What is a descending triangle?

A descending triangle is a bearish chart template used in technical analysis that is created by drawing a trend line that connects a series of lower vertices and a second horizontal trend line that connects a series of troughs. Traders often watch for movement below the lower support trend line as this suggests that downward momentum is building up and a breakdown is imminent. Once the outage has occurred, traders take short positions and aggressively contribute to further lower the price of the asset.

Key points to remember

  • A descending triangle is a signal for traders to take a short position to accelerate a break down.
  • A descending triangle is detectable by drawing trend lines for the highs and lows on a graph.
  • A descending triangle is the counterpart to an ascending triangle, which is another trend line chart model used by technical analysts.

What does a descending triangle tell you?

Descending triangles are a very popular chart model among traders as it clearly shows that the demand for an asset, derivative or commodity is weakening. When the price falls below the lower support, it is a clear indication that the bearish momentum should continue or become even stronger. Descending triangles give technical traders the opportunity to make substantial profits over a short period of time. Descending triangles can form a reversal pattern to an upward trend, but they are generally considered to be patterns of bearish continuation.

How to trade a descending triangle

Most traders seek to initiate a short position following a high breakdown of the volume of the lower trend line support in a decreasing triangle chart model. In general, the price target for the chart template is equal to the entry price minus the vertical height between the two trend lines at the time of the breakdown. The resistance of the upper trend line also serves as a stop-loss level for traders to limit their potential losses.

An example of a descending triangle

The chart below shows an example of a descending triangle chart template in PriceSmart Inc.

In this example, PriceSmart Inc. stocks experienced a series of lower lows and a series of horizontal lows, which created a descending triangle chart pattern. Traders would seek a definitive breakdown of the lower trend line support on high volume before taking a short position in the stock. If a failure should occur, the price target would be set at the difference between the upper and lower trend lines – or 8.00 – minus the price of the breakdown – or 71.00. A stop-loss order can be placed at 80.00 in the event of a false failure.
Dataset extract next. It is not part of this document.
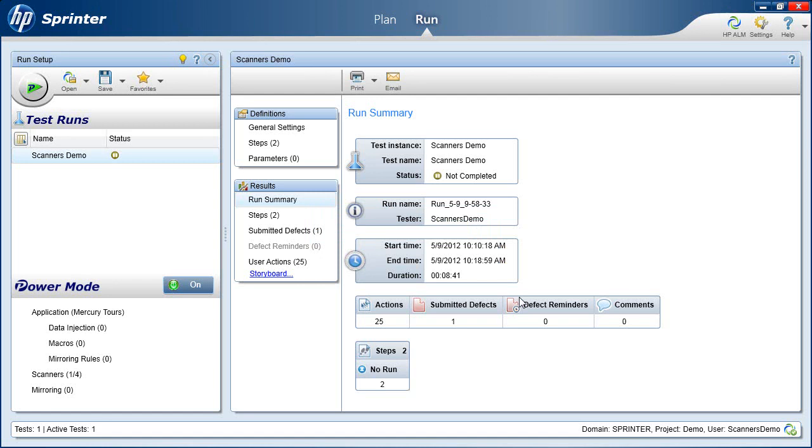In this demonstration we presented how Sprinter accelerates your manual testing by automatically identifying errors like misspelled words and localization issues. This frees up your testers to focus on more complex faults with the application. Details about features mentioned here and a whole lot more is available in HP Sprinter User Guide.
Difference between descending and ascending triangles

The ascending triangle and the descending triangle are continuation models. The descending triangle has a horizontal bottom trend line and a top descending trend line, while the ascending triangle has a horizontal trend line at the top and an upward trend line at the bottom. In addition, the triangles show an opportunity to short-circuit and suggest a profit target, so they are simply different on a potential breakdown. Ascending triangles can also form when reversing towards a downtrend, but they are more commonly applied as a bullish continuation pattern.
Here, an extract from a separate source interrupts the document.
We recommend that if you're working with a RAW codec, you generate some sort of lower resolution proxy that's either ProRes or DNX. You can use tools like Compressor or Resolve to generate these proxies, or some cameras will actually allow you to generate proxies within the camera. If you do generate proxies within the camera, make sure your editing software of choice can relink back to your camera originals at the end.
Limits of using a descending triangle

The limitation of triangles is the possibility of a false breakdown. There are even situations where trend lines will have to be redrawn when price action breaks out in the opposite direction – no chart template is perfect. If a failure does not occur, the stock may rebound to retest the resistance of the upper trend line before making another move lower to retest the support levels of the lower trend lines. The more the price hits support and resistance levels, the more reliable the chart model is.